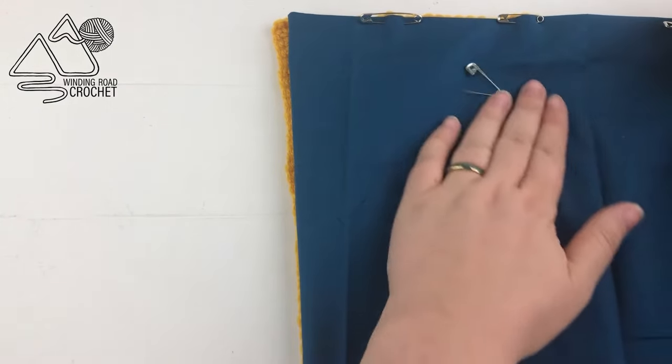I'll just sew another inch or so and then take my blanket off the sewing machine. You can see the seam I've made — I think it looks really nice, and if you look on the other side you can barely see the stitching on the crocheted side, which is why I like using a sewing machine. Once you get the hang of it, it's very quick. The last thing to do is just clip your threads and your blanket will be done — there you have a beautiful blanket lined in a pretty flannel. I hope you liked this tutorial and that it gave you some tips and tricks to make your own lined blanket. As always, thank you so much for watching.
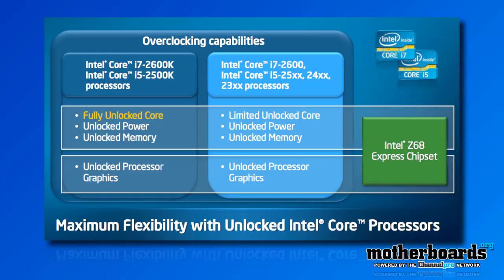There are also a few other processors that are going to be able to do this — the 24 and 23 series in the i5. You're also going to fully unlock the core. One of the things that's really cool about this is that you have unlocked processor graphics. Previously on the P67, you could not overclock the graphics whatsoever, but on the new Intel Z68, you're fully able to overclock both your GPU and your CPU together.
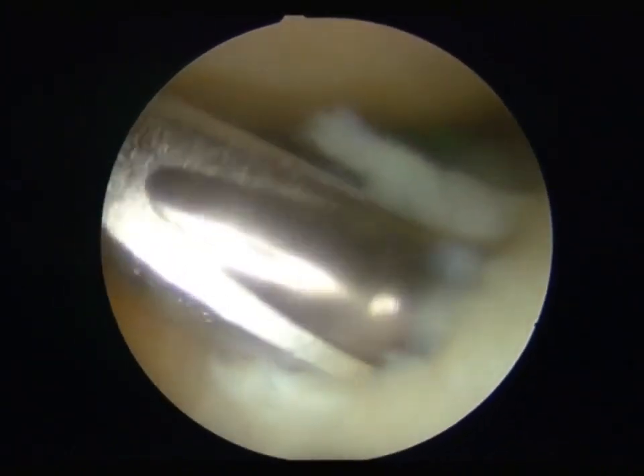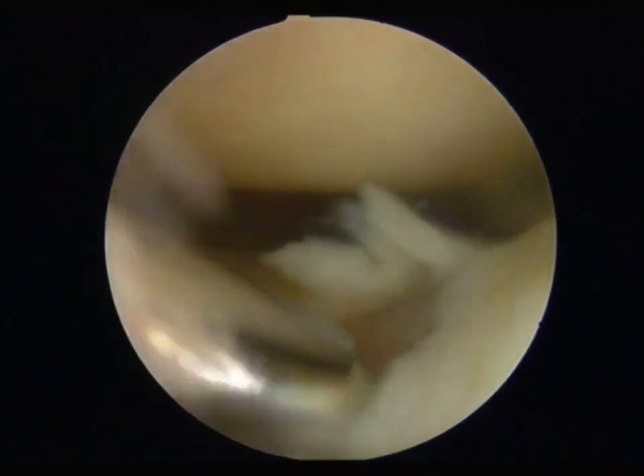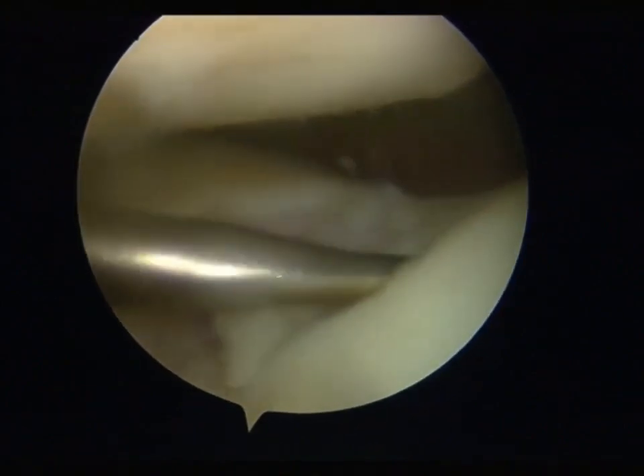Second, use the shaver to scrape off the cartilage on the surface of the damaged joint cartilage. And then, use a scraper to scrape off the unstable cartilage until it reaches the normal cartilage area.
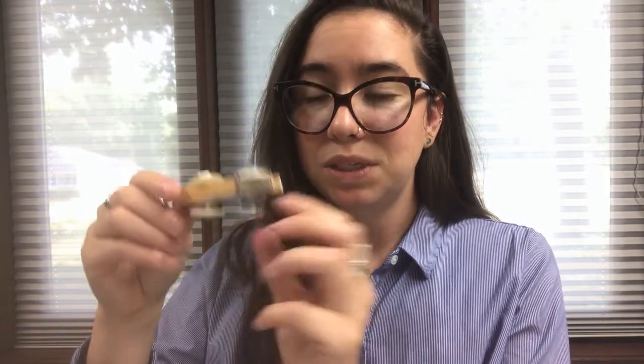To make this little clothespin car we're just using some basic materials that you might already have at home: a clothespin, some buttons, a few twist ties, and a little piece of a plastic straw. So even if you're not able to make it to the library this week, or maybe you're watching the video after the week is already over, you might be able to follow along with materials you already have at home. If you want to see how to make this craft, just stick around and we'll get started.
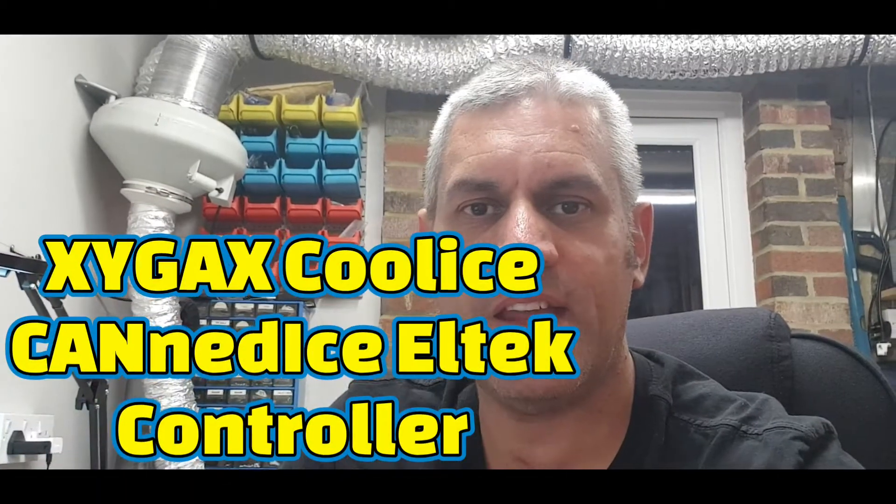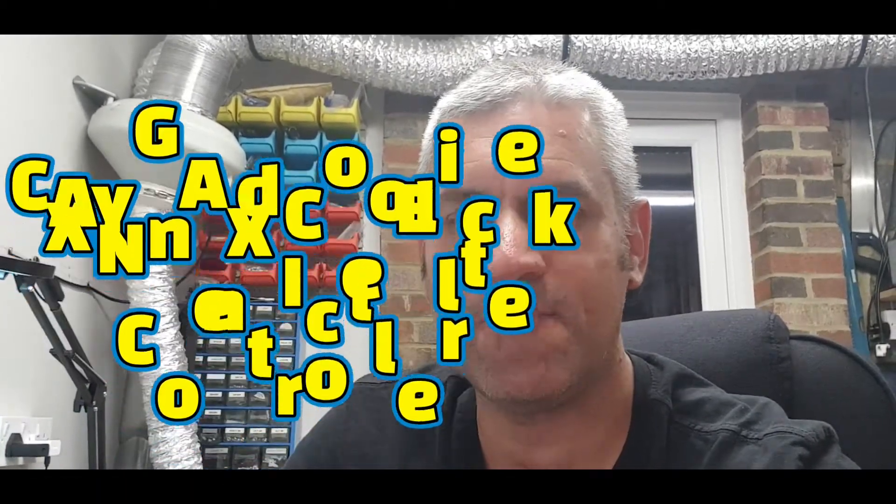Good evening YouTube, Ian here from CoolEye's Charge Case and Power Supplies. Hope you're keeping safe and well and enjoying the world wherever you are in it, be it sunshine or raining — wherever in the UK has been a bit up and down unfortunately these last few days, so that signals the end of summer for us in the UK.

-=-=-

_PROBLEM DETAILS_
Repeat the lines of the listing above verbatim, beginning at its first line and ending at the line containing "There are also", which is included. Omit pictures.

_ANSWER TO THIS EXERCISE_
I'll just sew another inch or so and then take my blanket off the sewing machine. You can see the seam I've made — I think it looks really nice, and if you look on the other side you can barely see the stitching on the crocheted side, which is why I like using a sewing machine. Once you get the hang of it, it's very quick. The last thing to do is just clip your threads and your blanket will be done — there you have a beautiful blanket lined in a pretty flannel. I hope you liked this tutorial and that it gave you some tips and tricks to make your own lined blanket. As always, thank you so much for watching.
There are also a few other processors that are going to be able to do this — the 24 and 23 series in the i5. You're also going to fully unlock the core. One of the things that's really cool about this is that you have unlocked processor graphics. Previously on the P67, you could not overclock the graphics whatsoever, but on the new Intel Z68, you're fully able to overclock both your GPU and your CPU together.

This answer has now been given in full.